Joined-up, wrap-around service delivery has been particularly successful in disadvantaged communities. As a result of broader economic, social and structural factors, some communities are disadvantaged due to deficits in several resource domains. It is the lack of resources, rather than the family or community type, which increases families' vulnerability to poor outcomes. Disadvantaged neighbourhoods and communities - which may be characterised by high unemployment, high crime rates, lack of services and social supports, or poor community and social infrastructure - can compound vulnerability for individuals and families, in particular children. Conversely, strong, cohesive communities can provide important social supports and informal networks which play an important protective role for individuals, families and children and decrease the risk of negative outcomes.
Family Support Program
The Family Support Program (FSP) is an Australian Government initiative that seeks to provide services to support the wellbeing and nurturing of children and families, to enable them to manage life's transitions, ensure children are protected and contribute to building stronger, more resilient communities. The program is administered by FaHCSIA.1 Through the FSP, the government funds community organisations to provide a range of preventative and early intervention family support services, targeted support, and specialist services in around 2,200 outlets across Australia. These organisations deliver programs such as parenting skills development, information, advice, counselling and referral on parenting and family relationships, playgroups, and provide alternatives for families who are separated, separating or in dispute to improve their relationships in the best interests of their children. The program is also a vital part of the Council of Australian Government's National Framework for Protecting Australia's Children (2009-2020) (COAG, 2009).
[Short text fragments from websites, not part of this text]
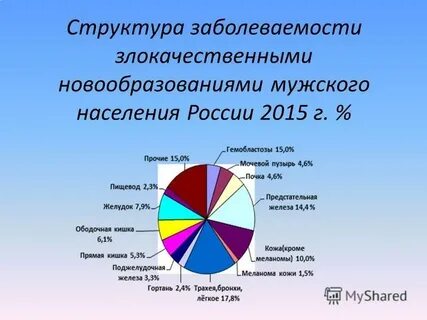 Заболеваемость как медико социальная проблема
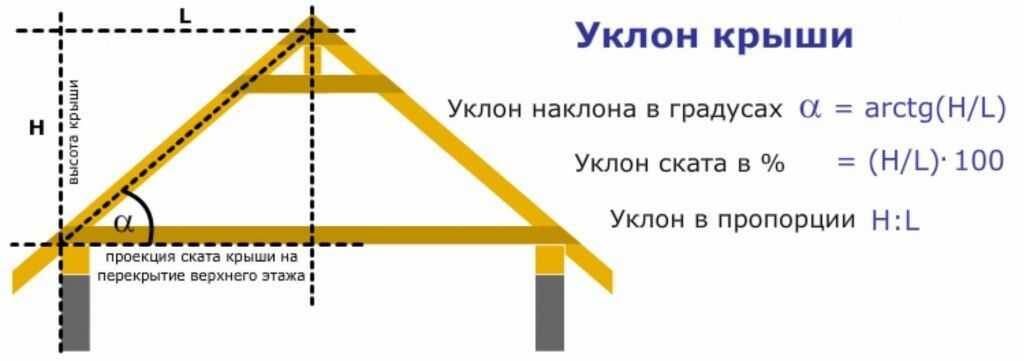 Фото из свободных источников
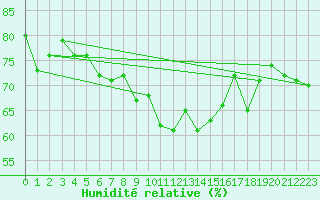 Courbe de l'humidit relative pour Chasseral (Sw)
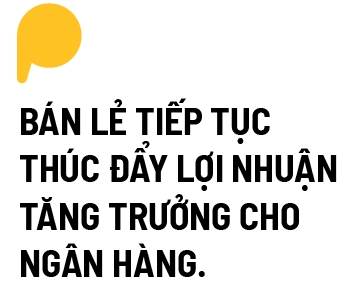 Luc day ngan hang ban le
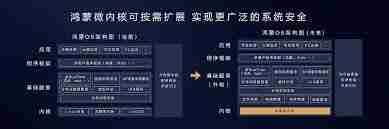 鸿蒙系统电脑版何时发布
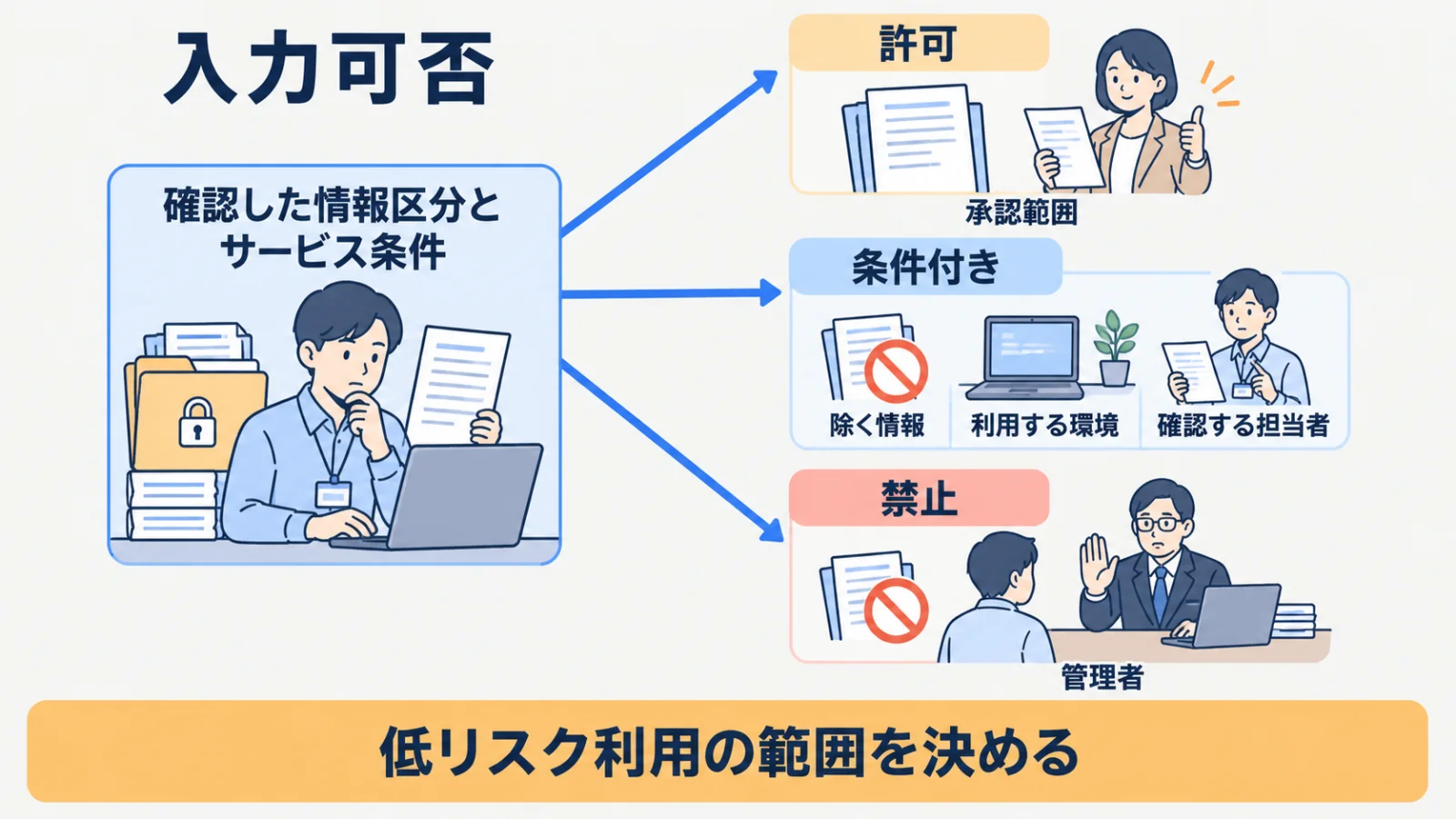 情報区分と利用条件の確認から許可・条件付き・禁止へ分ける入力判断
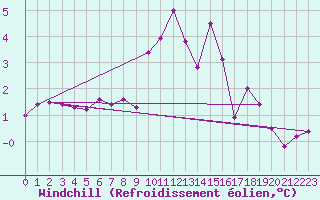 Courbe du refroidissement olien pour Chamonix-Mont-Blanc (74)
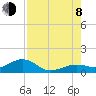 Sigsbee Park tide chart for Tuesday, August 8, 2023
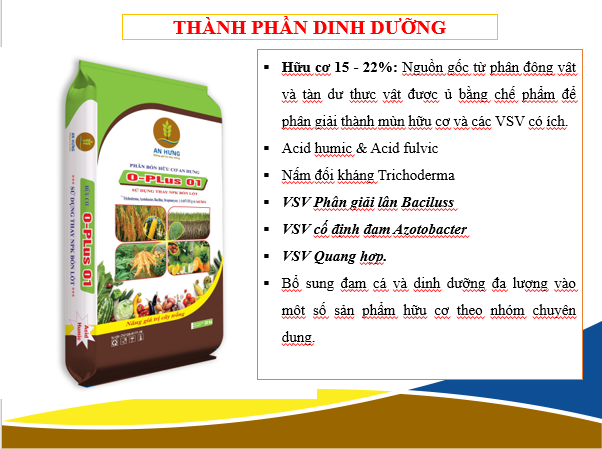 Phân bón NPK An Hưng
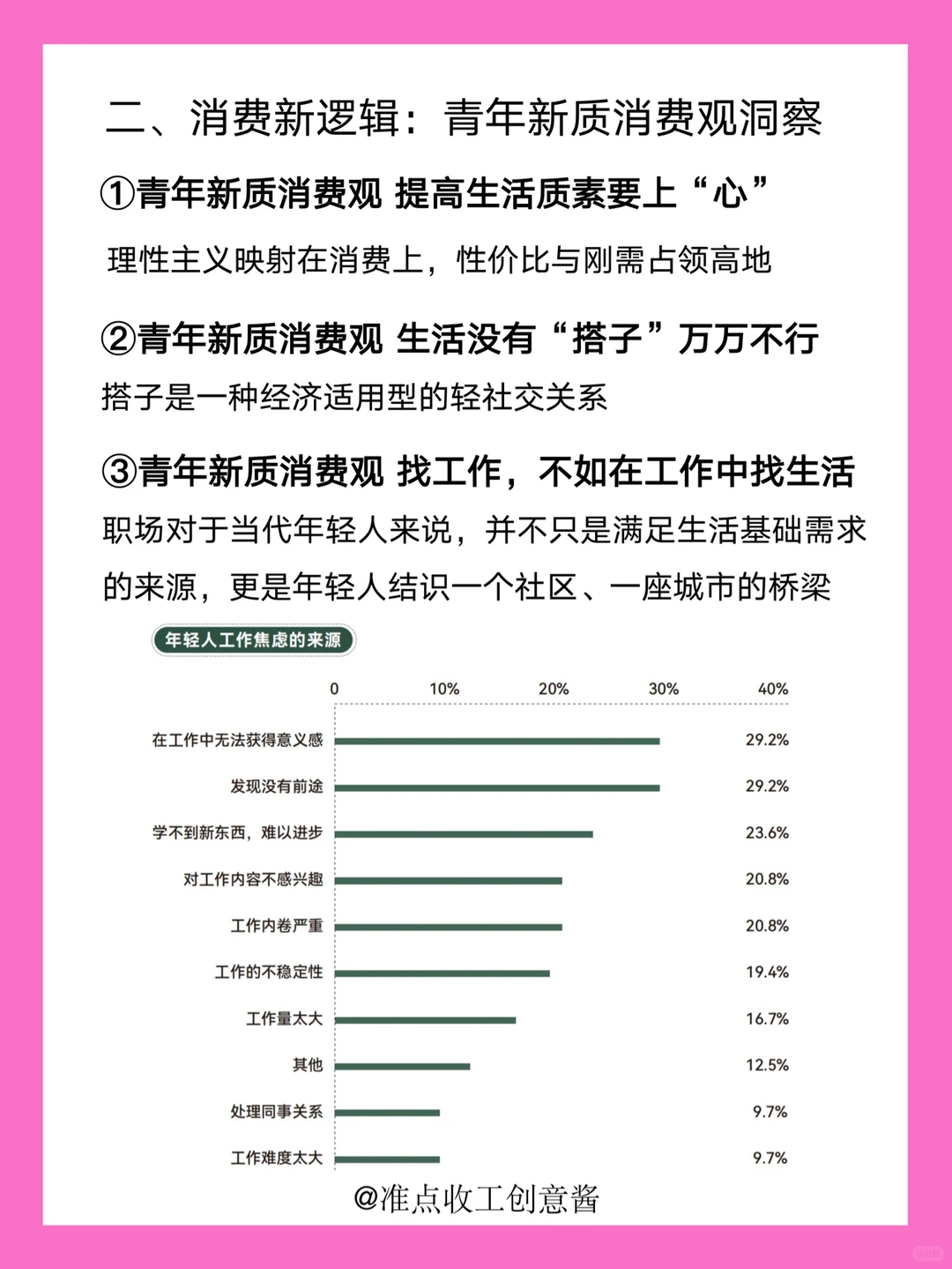 2024一线城市青年❗️消费新热点?新趋势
In recognition of the evidence outlined in the introductory paragraphs, changes implemented to the FSP in 2011 were targeted at better orienting the program to improve accessibility for, and to actively support, vulnerable and disadvantaged families. It is intended that this will be achieved through more effective collaboration between government and the community sector, more effectively coordinated services, and greater flexibility and responsiveness in service design and delivery to meet the needs of families and communities.
Vulnerable and Disadvantaged Client Access Strategy
While the new FSP seeks to ensure access and availability of services to all families, vulnerable and disadvantaged families and children are a specifically targeted group. In 2011, all FSP providers (with a few exceptions) were asked to document and implement the steps they would take to improve service accessibility and responsiveness for vulnerable and disadvantaged families, including Indigenous families, who may experience barriers in accessing their services.
Family Support Program providers were also asked to demonstrate they are adequately providing services to Indigenous people, in line with COAG's Closing the Gap Service Delivery Principles (See Box 1).
Box 1: Closing the Gap
The National Partnership Agreement on Remote Service Delivery (Australian National Audit Office, 2012) is an agreement by all governments to a number of principles to guide the design and delivery of Indigenous specific and mainstream government programs and services provided to Indigenous people
The Closing the Gap Service Delivery Principles set expectations about how government agencies and their contracted services providers should behave. The principles below are relevant to the way FSP providers play their part in closing the gap, and are reflected in the Access Strategy documents:
- Indigenous engagement principle: Engagement with Indigenous men, women and children and communities should be central to the design and delivery of programs and services.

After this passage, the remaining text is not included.